Advertisement

Here’s how to watch Aretha Franklin’s funeral on Friday

Share via

Though Aretha Franklin’s funeral is a private ceremony for family and friends, fans of the late Queen of Soul can watch it live via TV and livestream starting at 7 a.m. PDT Friday.

The Greater Grace Temple in Detroit will livestream the “homegoing ceremony” on its website, greatergrace.org, from the start of the remembrance until it ends around noon PDT.

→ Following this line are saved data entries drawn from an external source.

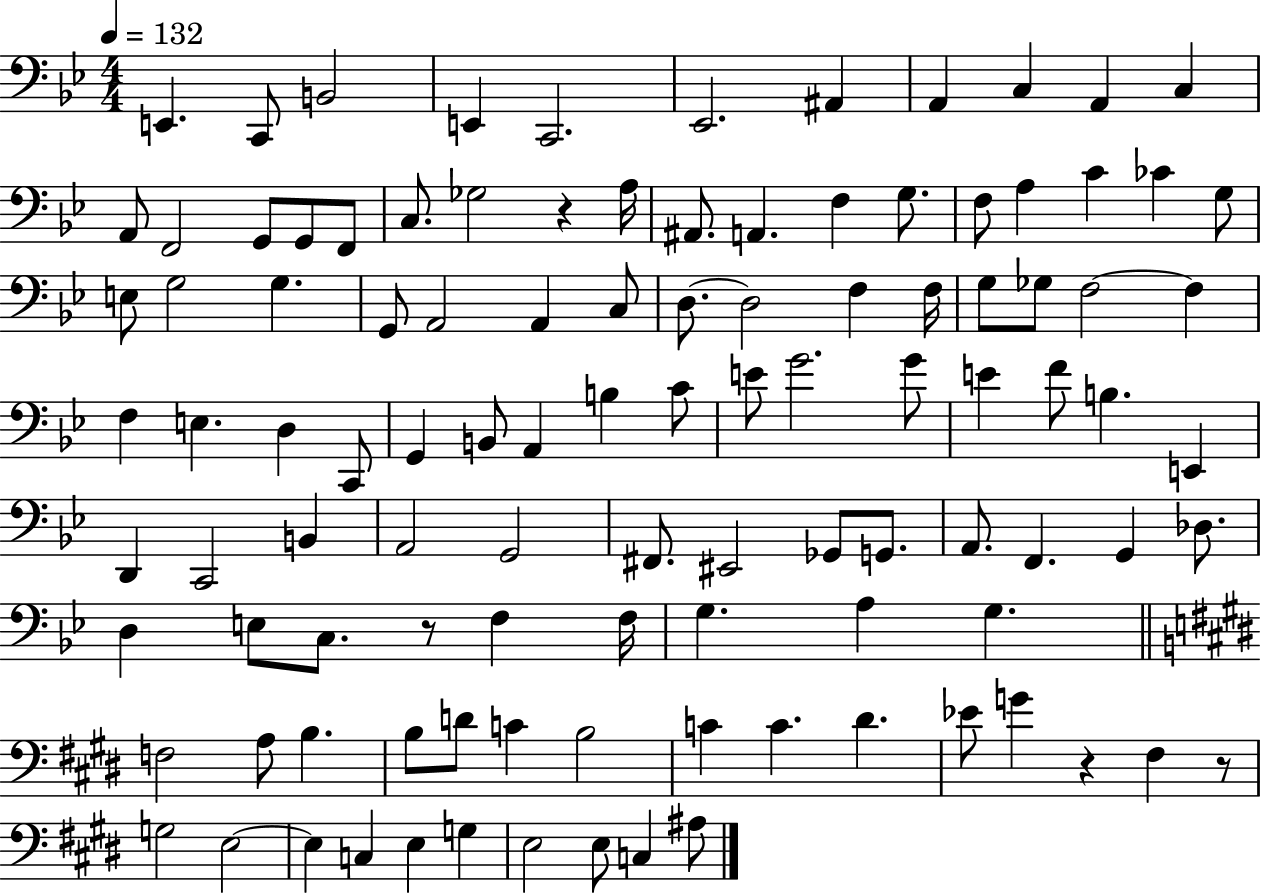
X:1
T:Untitled
M:4/4
L:1/4
K:Bb
E,, C,,/2 B,,2 E,, C,,2 _E,,2 ^A,, A,, C, A,, C, A,,/2 F,,2 G,,/2 G,,/2 F,,/2 C,/2 _G,2 z A,/4 ^A,,/2 A,, F, G,/2 F,/2 A, C _C G,/2 E,/2 G,2 G, G,,/2 A,,2 A,, C,/2 D,/2 D,2 F, F,/4 G,/2 _G,/2 F,2 F, F, E, D, C,,/2 G,, B,,/2 A,, B, C/2 E/2 G2 G/2 E F/2 B, E,, D,, C,,2 B,, A,,2 G,,2 ^F,,/2 ^E,,2 _G,,/2 G,,/2 A,,/2 F,, G,, _D,/2 D, E,/2 C,/2 z/2 F, F,/4 G, A, G, F,2 A,/2 B, B,/2 D/2 C B,2 C C ^D _E/2 G z ^F, z/2 G,2 E,2 E, C, E, G, E,2 E,/2 C, ^A,/2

If you’re watching on TV, Fox News and MSNBC will cover the event, and CNN will have a crew there and plans to air the ceremony around other news, according to Detroit Free Press. HLN, or Headline News, will air the funeral live and continue coverage throughout the day.

Advertisement

Watch Queen of Soul Aretha Franklin’s memorial live »

ABC News’ live feed will cover at least the first two hours of Franklin’s funeral, the Free Press reported. BET Networks said Thursday that it will carry the funeral “in its entirety” on BET, BET Her and BET.com.

Advertisement

NPR Music will have an audio livestream, and SiriusXM’s Soul Town radio (Channel 49) will broadcast the funeral live in its entirety.. Afterward, the Aretha Franklin Tribute Channel — as Soul Town has been known since Aug. 16 — will take calls from listeners nationwide who want to pay respects and share stories and memories of Franklin until 3 p.m. PDT.

As far as what viewers can see during the service, Ariana Grande was a late addition to the long list of talent who will perform in five- to 20-minute increments around speakers who will include Michigan Gov. Rick Snyder, former President Bill Clinton, filmmaker Tyler Perry, actress Cicely Tyson, musician Smokey Robinson and more.

The event is meticulously scheduled right down to the minute; click here for the official program.

Advertisement

Previously announced entertainers include Stevie Wonder, Jennifer Hudson, Faith Hill, Ron Isley, Chaka Khan, Jennifer Holliday and Fantasia Barrino-Taylor. Wonder and Hudson both sang at Michael Jackson’s funeral in 2009. Franklin herself sang at Rosa Parks’ funeral at Greater Grace in 2005.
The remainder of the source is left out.